Faster Montgomery and double-add ladders for short Weierstrass curves

Mike Hamburg

Abstract

The Montgomery ladder and Joye double-add ladder are well-known algorithms for elliptic curve scalar multiplication with a regular structure. The Montgomery ladder is best known for its implementation on Montgomery curves, which requires $5\mathbf{M} + 4\mathbf{S} + 1\mathbf{m} + 8\mathbf{A}$, and 6 field registers. Here $(\mathbf{M},\mathbf{S},\mathbf{m},\mathbf{A})$ represent respectively field multiplications, squarings, multiplications by a curve constant, and additions or subtractions. This ladder is also complete, meaning that it works on all input points and all scalars. Many protocols do not use Montgomery curves, but instead use prime-order curves in short Weierstrass form. As of 2011, the fastest formulas for the Montgomery and Joye ladders on these curves each required $9\mathbf{M}+5\mathbf{S}+18\mathbf{A}$ per bit. In 2017, Kim et al. improved this for the Montgomery ladder only to $8\mathbf{M}+4\mathbf{S}+12\mathbf{A}+1\mathbf{H}$ per bit using 9 registers, where the $\mathbf{H}$ represents a halving. Hamburg simplified Kim et al.'s formulas to $8\mathbf{M}+4\mathbf{S}+8\mathbf{A}+1\mathbf{H}$ using 6 registers. Here we present improved formulas which compute the Montgomery ladder on short Weierstrass curves using $8\mathbf{M}+3\mathbf{S}+7\mathbf{A}$ per bit, and requiring 6 registers. We also give formulas for the Joye ladder that use $9\mathbf{M}+3\mathbf{S}+7\mathbf{A}$ per bit, requiring 5 registers. We also show a novel technique to make these ladders complete when the curve order is not divisible by 2 or 3, at a modest increase in cost. Finally, we discuss curve invariants, exceptional points, side-channel protection and how to set up and finish these ladder operations.
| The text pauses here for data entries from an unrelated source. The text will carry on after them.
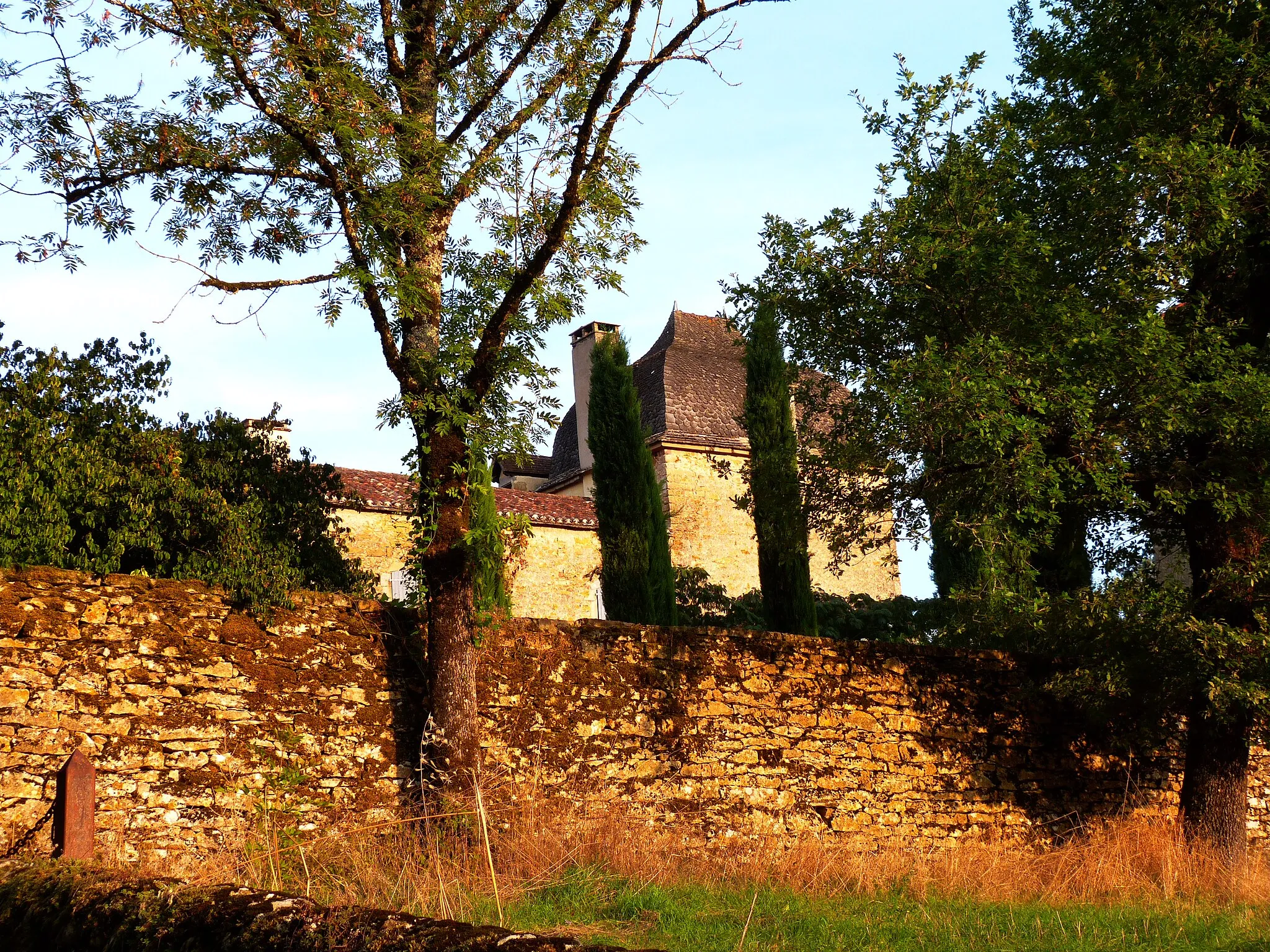 Photo showing: This building is indexed in the base Mérimée, a database of architectural heritage maintained by the French Ministry of Culture, under the reference PA00095900 .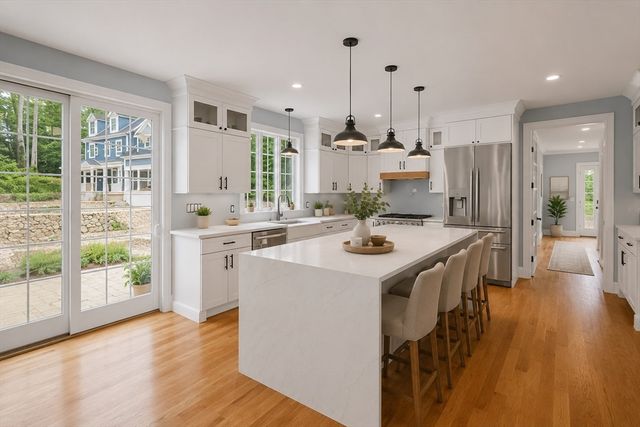 35 Shuttleworth Place, Dedham, MA 02026
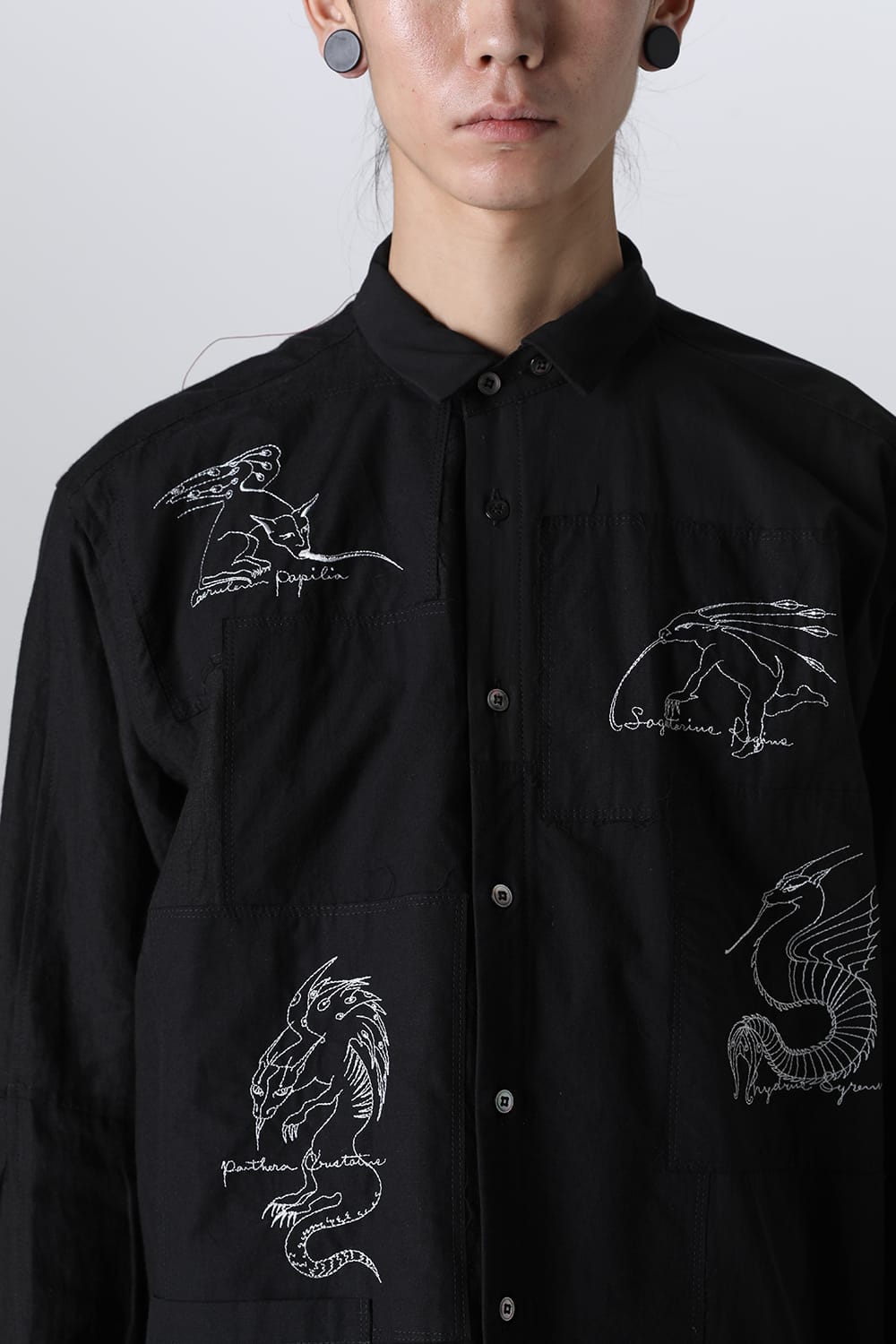 BEASTS EMBROIDERED SHIRT BLACK / RED STITCH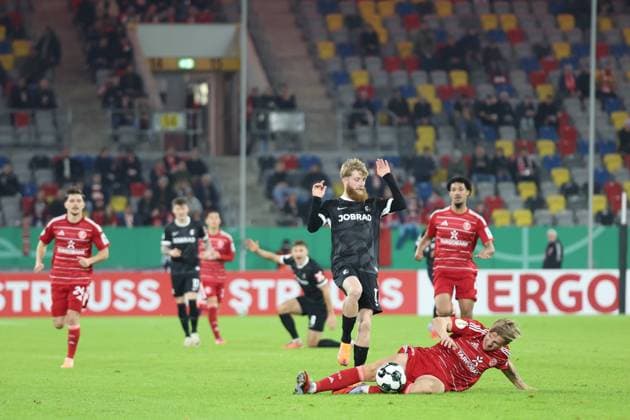 29 10 2025, xrekx, Fußball DFB Pokal 2 Runde, Fortuna Duesseldorf SC Freiburg v l Niklas Beste SC Freiburg Jesper Daland Fortuna Duesseldorf Zweikampf, Aktion, action, battle for the ball DFL DFB REGULATIONS PROHIBIT ANY USE OF PHOTOGRAPHS as IMAGE SEQUENCES and or QUASI VIDEO Duesseldorf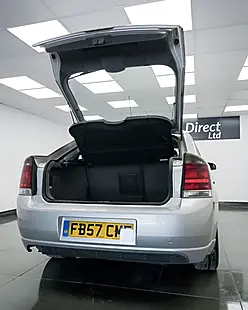 Used 2008 Vauxhall Vectra Sri Silver - Interior and Exterior details 7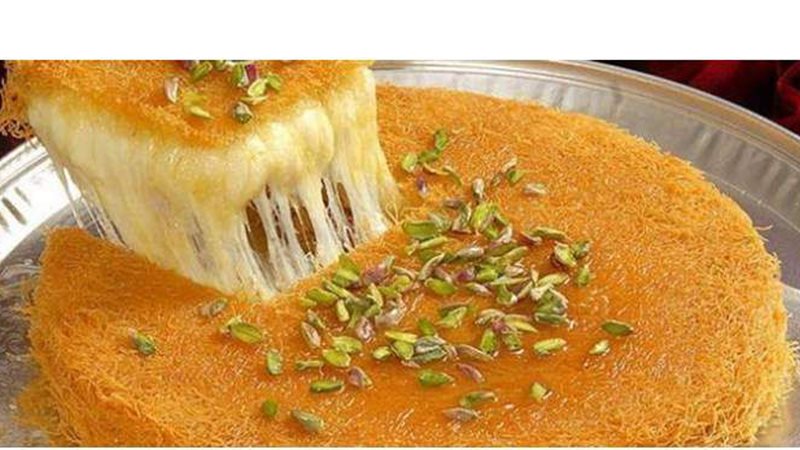الكنافة بالقشطة
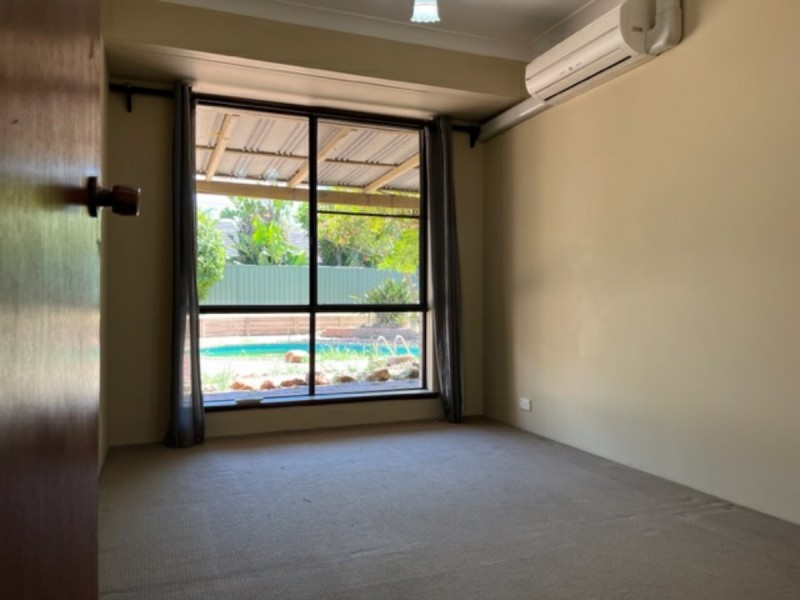 8 Doric Street, Shelley WA 6148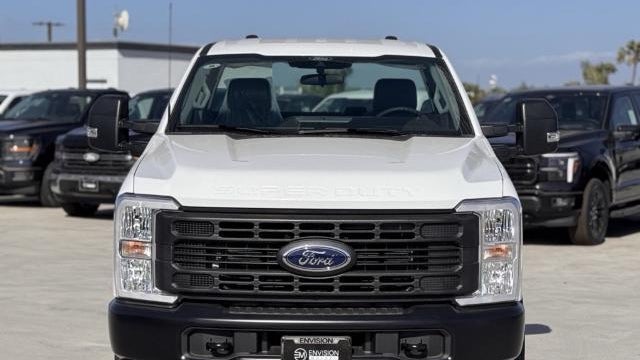 2025 Ford F-350 Super Duty XL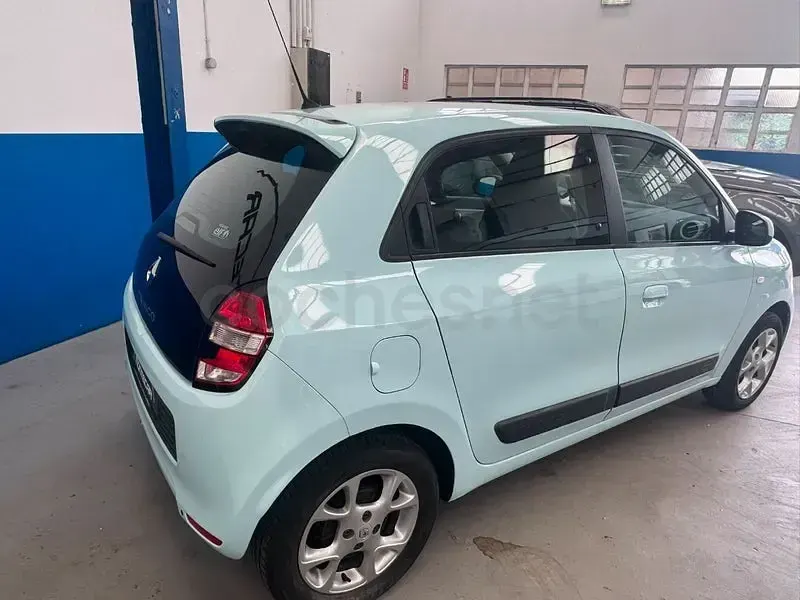 Usado Renault Twingo Intens 70 CV (51 kW) 2015 Azul Utilitario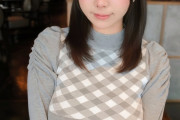 【画像】こういう地味な女の子って服脱がすと意外といいカラダしてたりするんだよな🤭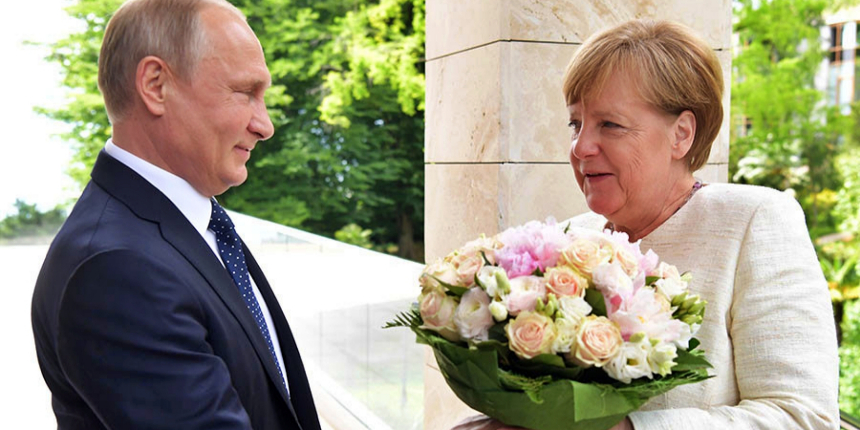 Vladimir Putin, Angela Merkel ile buluşmaya giderken çiçek aldı!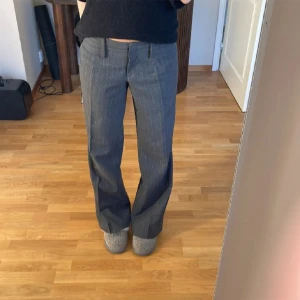 Gråa kostymbyxor (low waist) - Säljer dessa skitsnygga low waist vintage kostymbyxorna som knappt är använda💕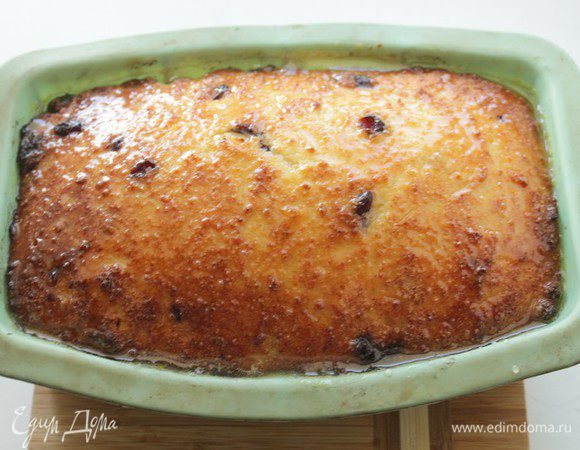 Готовую выпечку сразу пропитать сиропом и оставить охлаждаться.
Затем вынуть кекс из формы.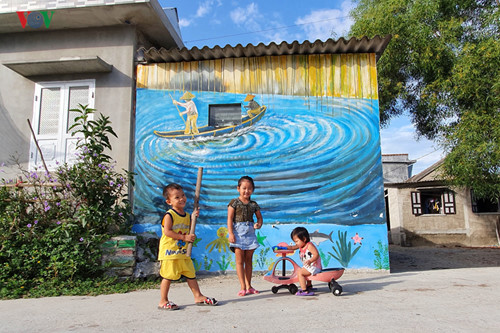 fascinating mural paintings adorn hue village hinh 5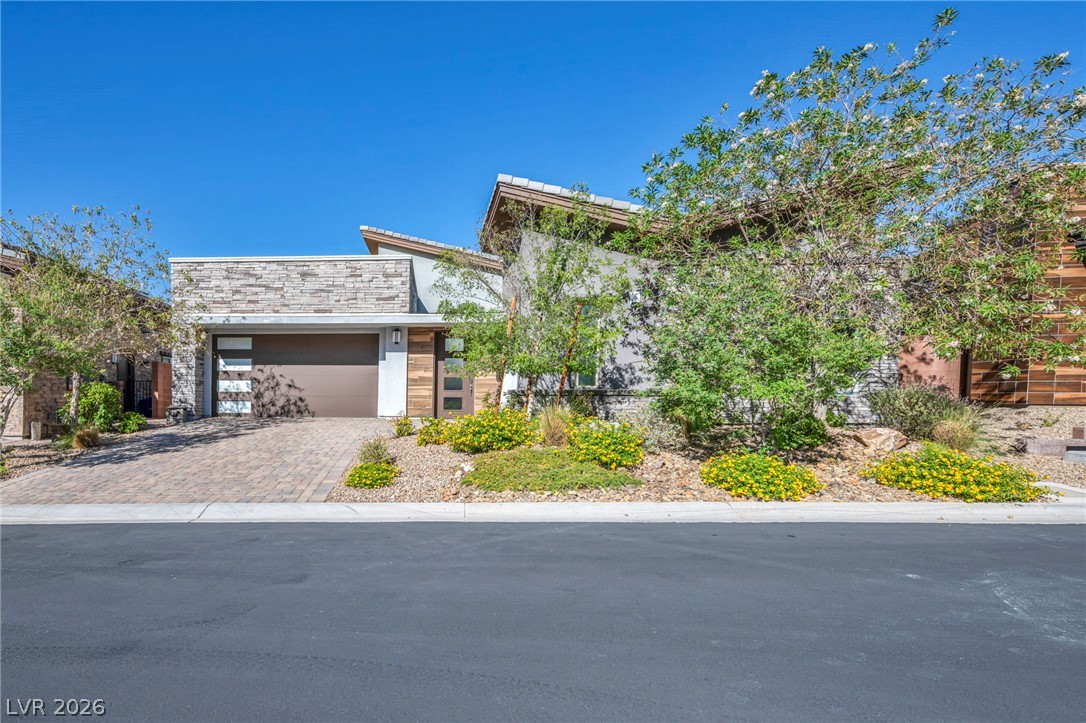 6184 Willow Rock Street Las Vegas NV 89135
Note: The conference version of this paper includes supplementary material, which is not supported by ePrint. The supplementary material is a SAGE prototype implementation of the new Montgomery and Joye ladder formulas with the new zero-avoidance technique. The second version corrects an error in Figure 2; thanks to Ruggero Susella for pointing this out. The third version corrects a typo; thanks to Cyril Hugounenq. The third version also improves the clarity of the additional ladder in the appendix.